İlkin Hamid-Zada, Özgür Arıkan, Özgür Kazan, Mehmet Çağlar Çakıcı, Asıf Yıldırım

Bulletin of Urooncology - 2025;24(4):103-108

İstanbul Medeniyet University Faculty of Medicine, Department of Urology, İstanbul, Türkiye

 

Objective: For eligible patients with muscle-invasive bladder cancer, the current standard of care is neoadjuvant chemotherapy (NAC) using cisplatin-based regimens followed by radical cystectomy (RC) with pelvic lymph node dissection.

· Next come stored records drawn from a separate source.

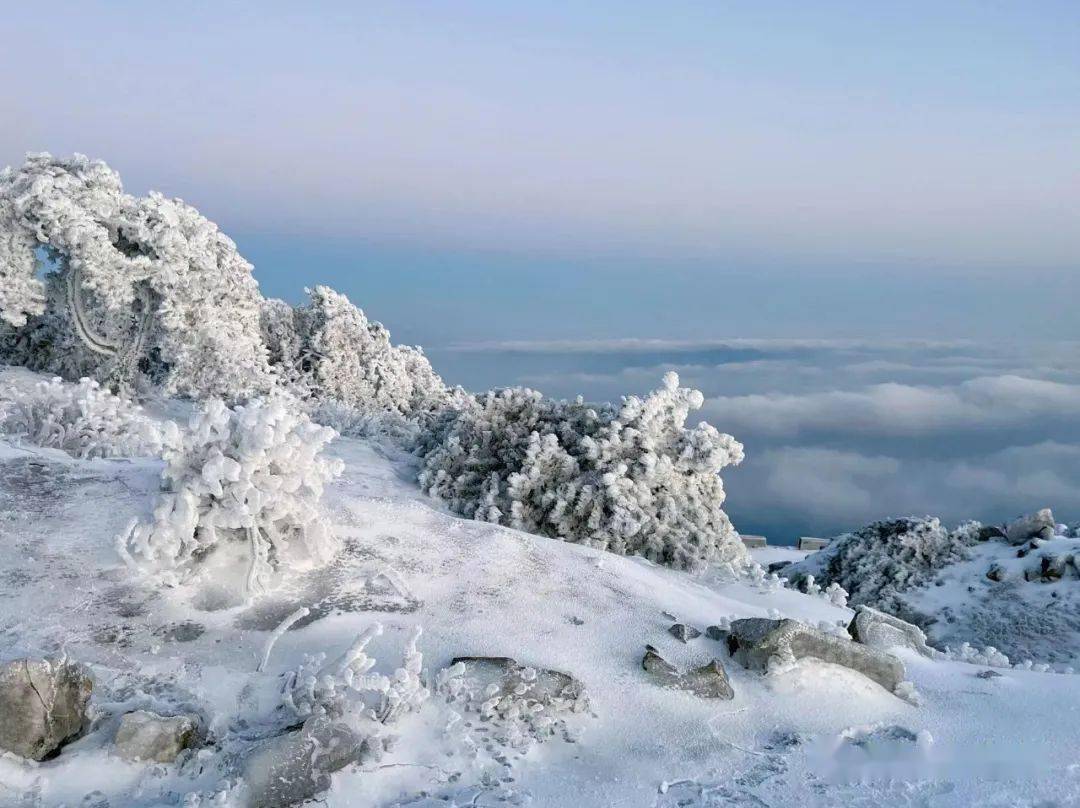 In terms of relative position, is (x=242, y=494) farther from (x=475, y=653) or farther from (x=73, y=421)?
(x=73, y=421)

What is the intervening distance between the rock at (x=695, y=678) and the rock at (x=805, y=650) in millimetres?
287

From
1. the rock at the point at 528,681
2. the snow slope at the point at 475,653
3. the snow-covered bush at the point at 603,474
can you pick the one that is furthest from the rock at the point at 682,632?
the snow-covered bush at the point at 603,474

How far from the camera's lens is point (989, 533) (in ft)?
40.5

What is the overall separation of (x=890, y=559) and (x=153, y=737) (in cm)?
1056

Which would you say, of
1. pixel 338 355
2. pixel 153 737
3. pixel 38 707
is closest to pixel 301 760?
pixel 153 737

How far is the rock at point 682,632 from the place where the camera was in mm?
5461

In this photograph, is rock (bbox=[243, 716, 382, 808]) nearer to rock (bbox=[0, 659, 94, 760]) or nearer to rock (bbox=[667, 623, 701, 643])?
rock (bbox=[0, 659, 94, 760])

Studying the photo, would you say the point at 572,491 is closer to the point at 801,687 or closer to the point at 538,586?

We evaluated the role of NAC in the pathological T-staging of tumors in patients who underwent RC and the effect of pathological T-stage regression on disease-free survival (DFS) and overall survival (OS). Materials and Methods: We evaluated 29 patients who underwent RC following NAC between 2015 and 2023 at our hospital. Eligible participants had histologically confirmed urothelial carcinoma of the bladder with stage cT2-T4a N0-N2 M0 disease and had received cisplatin-based NAC. The primary endpoint was the effect of NAC on pathological T-stage regression, DFS, and OS. The secondary endpoint was to determine the factors affecting DFS following RC. Results: Cystectomy pN0 rate, in patients with T regression, was significantly higher than that in the other group (86.7% vs. 42.9%, p=0.021). The rate of lymphovascular invasion following cystectomy was significantly lower in the T regression group (57.1%) compared to the non-T regression group (93.3%; p=0.023). T2 pathology to RC time (hazard ratio=1.620, 95% confidence interval: 1.004-2.613, p<0.048) was the only independent predictor for DFS following RC in the multivariate analysis. Conclusion: Detection of pathological tumor regression in cystectomy pathology after NAC is associated with better DFS and OS. T2 pathology to RC time was an independent predictor of DFS.